So, again, if, if, if you start off with, “I’m, I’m trying to attract an audience,” and there are a lot of reasons why businesses will want to, and there are a lot of reasons why other kinds of organizations, charities may want to do that. So, content marketing in, in some ways, yes, it overlaps with social, uh, media marketing, but in other ways it’s different and broader and, and, you know, okay, fine. You know, there’s a lot of elbowing at the table when people are fighting over budgets, but at the end of the day, you know, did we move the needle when it came to what our goals and objectives were?

[00:26:10] Matt Bailey: Yeah.
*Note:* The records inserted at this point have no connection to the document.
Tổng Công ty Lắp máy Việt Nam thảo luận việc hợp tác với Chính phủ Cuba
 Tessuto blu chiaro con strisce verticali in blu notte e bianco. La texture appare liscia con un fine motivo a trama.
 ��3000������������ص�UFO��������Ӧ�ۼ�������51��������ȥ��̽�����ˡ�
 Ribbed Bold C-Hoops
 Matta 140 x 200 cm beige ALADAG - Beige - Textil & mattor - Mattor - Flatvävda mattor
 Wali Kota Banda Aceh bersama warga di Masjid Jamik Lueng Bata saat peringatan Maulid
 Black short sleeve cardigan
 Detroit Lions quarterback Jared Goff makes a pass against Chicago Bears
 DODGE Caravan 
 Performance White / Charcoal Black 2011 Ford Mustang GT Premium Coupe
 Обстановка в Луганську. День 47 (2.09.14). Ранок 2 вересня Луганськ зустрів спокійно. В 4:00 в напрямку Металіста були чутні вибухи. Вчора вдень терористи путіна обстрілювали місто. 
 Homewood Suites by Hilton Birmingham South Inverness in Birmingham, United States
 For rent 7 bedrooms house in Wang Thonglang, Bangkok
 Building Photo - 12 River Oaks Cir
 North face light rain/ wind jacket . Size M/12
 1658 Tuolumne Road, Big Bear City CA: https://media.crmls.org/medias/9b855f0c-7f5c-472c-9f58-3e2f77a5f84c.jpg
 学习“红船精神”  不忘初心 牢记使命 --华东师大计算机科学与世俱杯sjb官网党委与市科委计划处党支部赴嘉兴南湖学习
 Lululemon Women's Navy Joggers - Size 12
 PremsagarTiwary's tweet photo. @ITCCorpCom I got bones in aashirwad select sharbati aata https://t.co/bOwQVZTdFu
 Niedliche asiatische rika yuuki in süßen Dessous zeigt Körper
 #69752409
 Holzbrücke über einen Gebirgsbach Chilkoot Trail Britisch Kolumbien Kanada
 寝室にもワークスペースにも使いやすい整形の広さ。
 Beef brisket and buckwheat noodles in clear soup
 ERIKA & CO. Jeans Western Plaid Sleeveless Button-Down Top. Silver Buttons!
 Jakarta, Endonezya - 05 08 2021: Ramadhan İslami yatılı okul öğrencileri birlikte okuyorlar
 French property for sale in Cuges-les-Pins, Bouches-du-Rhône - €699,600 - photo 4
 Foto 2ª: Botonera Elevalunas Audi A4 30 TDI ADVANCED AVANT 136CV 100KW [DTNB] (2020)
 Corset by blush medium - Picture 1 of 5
I kind of see content marketing as almost like a capstone activity because you need social, you need SEO, you need maybe some paid channels to get that message out to, for your distribution, that content marketing’s kind of that, it, it requires these disciplines to do it well. So, I see that more of a capstone than…

[00:26:35] Greg Jarboe: Well, it, it, it, it, again…

[00:26:36] Matt Bailey: …steals…

[00:26:36] Greg Jarboe: …it’s, it’s, it, it gets messy and…

[00:26:39] Matt Bailey: Yeah.

[00:26:40] Greg Jarboe: …and at the end of the day, one of the things that I’ve seen in organization after organization is show me where your brightest leaders are, put them in charge, don’t worry about the name of the department. You know, if they’re, your content marketer is the director and your social media, uh, manager takes direction, you know, fine. If it’s the other way around, if it’s the social media director who’s telling the content, uh, marketing, uh, manager the kind of content that will resonate with an audience, fine. You, you know, that, that’s, uh, you, you know, tell me who is strong or weak in your organization and, you know, and structure it accordingly.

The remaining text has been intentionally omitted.